Finally, I agreed to do it, but I was extremely nervous. Somehow, this man knew to come over to me a minute before the “cameras were rolling.” He introduced himself, and complimented me on my work and the interfaith initiative. In one second, my anxiety dissipated.
We became instant friends, and I came to understand that I was not dealing with an ordinary rabbi.

As described by other friends and colleges, Rabbi Spar was a maverick, anything but conventional and predictable. He was involved in interfaith before it was popular, inviting church groups to his services. At his grandson’s bar mitzvah at our shul three years ago, he surprised everybody by inviting a gospel singer with whom he had secretly practiced for months. He was also ahead of his time regarding women’s
participation in services, and also at officiating at same-sex marriages.

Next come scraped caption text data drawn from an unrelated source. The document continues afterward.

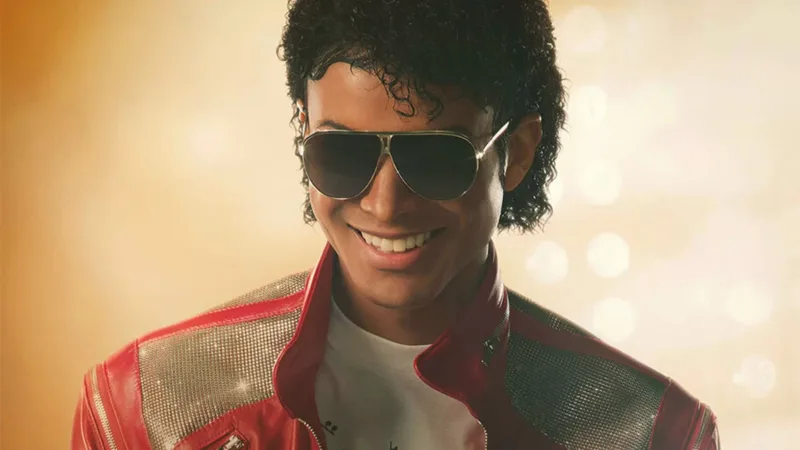 Jaafar Jackson dans Michael, en veste rouge emblématique, lors d’une scène de performance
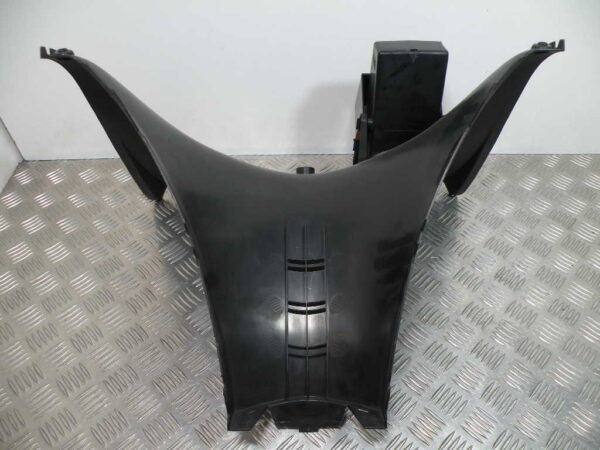 Tablier intérieur YAMAHA MAJESTY 125 4t -2003-
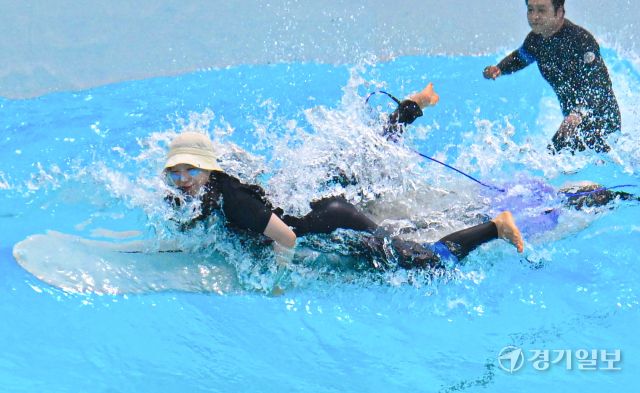 경기지역에 폭염경보가 발령된 30일 오후 시흥시 웨이브파크를 찾은 서퍼들이 시원하게 물살을 가르며 파도를 타고 있다. 기상청은 장마전선이 소강상태를 보이면서 이번 주에 가끔 소나기 외에는 무더위가 지속될 것이라고 예보했다. 조주현기자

One of the stories told at the shiva for Rabbi Spar shocked me, but didn’t surprise me. The story concerned a bat mitzvah girl with whom he had traveled to Jerusalem. The morning of the event at the Kotel, he told her to dress up in pants, gather hair under a baseball cap, and put on a tallit. And there you have it — Spar’s version of Yentl celebrating her bat mitzvah in the men’s section.
Sometimes you need a rebel with a cause to move the wheels of progress forward. When the needs of the people are knocking at the gates of tradition, someone has to open the door. As the Talmud tells us in some famous halachik turning points, “See what the people are doing.” Sometimes you need to love tradition enough to change it.

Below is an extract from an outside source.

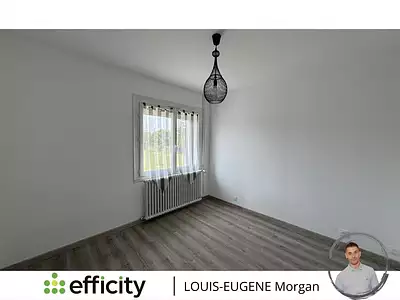 Maison, 77 m²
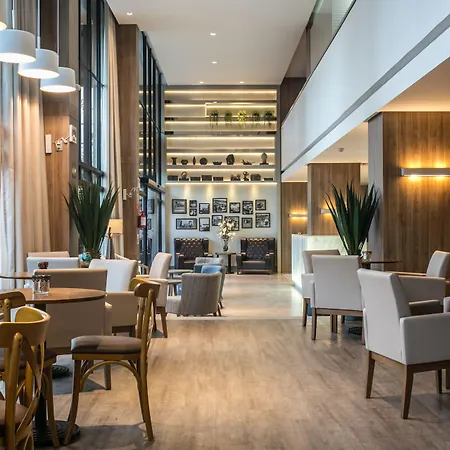 Tri Hotel Premium Criciuma-3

Is it worth it to be rebellious? In many ways, you pay high prices for that. But being a rebel is an essence, not a choice. In fact, before his death, Elliott had just finished an autobiographical account titled Rebel Rabbi, which will be published soon. As readers will learn, he was able to be a rebel with respect to all. To be a rebel that brings about change is a talent. One of his assistants wrote that Rabbi Spar epitomized Rabbi Israel Salanter’s aphorism, “A rabbi whose community does not disagree with him is not a rabbi. A rabbi who fears his community is no mentsch.”

As a testimony to that, hundreds of people attended his funeral, and many more wrote letters and made calls to his family to express their gratitude. May his memory and courage inspire us for many years to come.

And may we all enjoy a peaceful 2023.